Without including the pictures, copy each line below exactly as it reads.

• [Data segment]
--- START ---

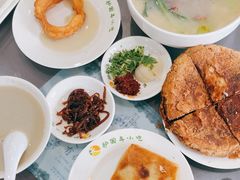 -护国寺小吃店(阜成门桥店)
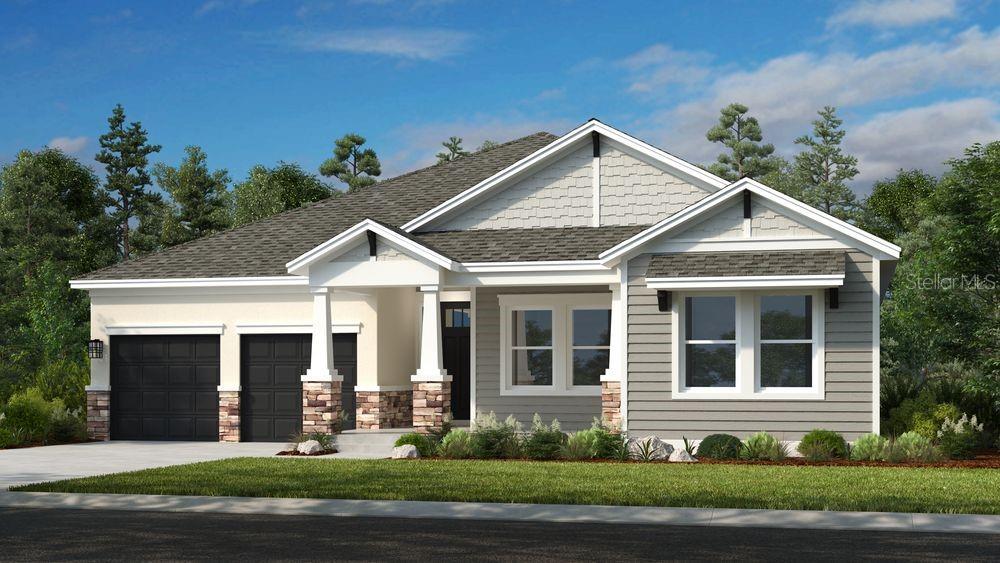 Photo of 12971 HARVEST RAIN AVENUE WINTER GARDEN FL 34787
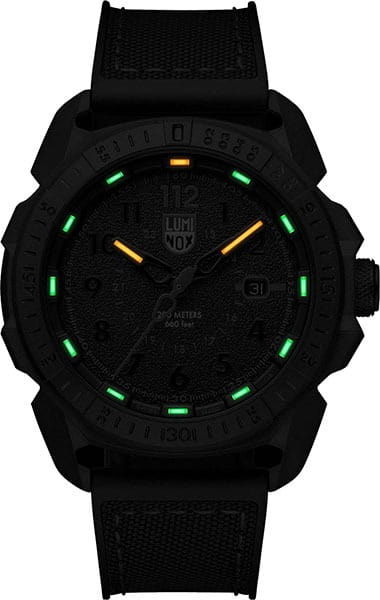 Luminox Luminox Ice-Sar Arctic 1000 Series XL.1002 , наручные мужские часы фото под углом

--- END ---

• [Result for this task]
 -护国寺小吃店(阜成门桥店)
 Photo of 12971 HARVEST RAIN AVENUE WINTER GARDEN FL 34787
 Luminox Luminox Ice-Sar Arctic 1000 Series XL.1002 , наручные мужские часы фото под углом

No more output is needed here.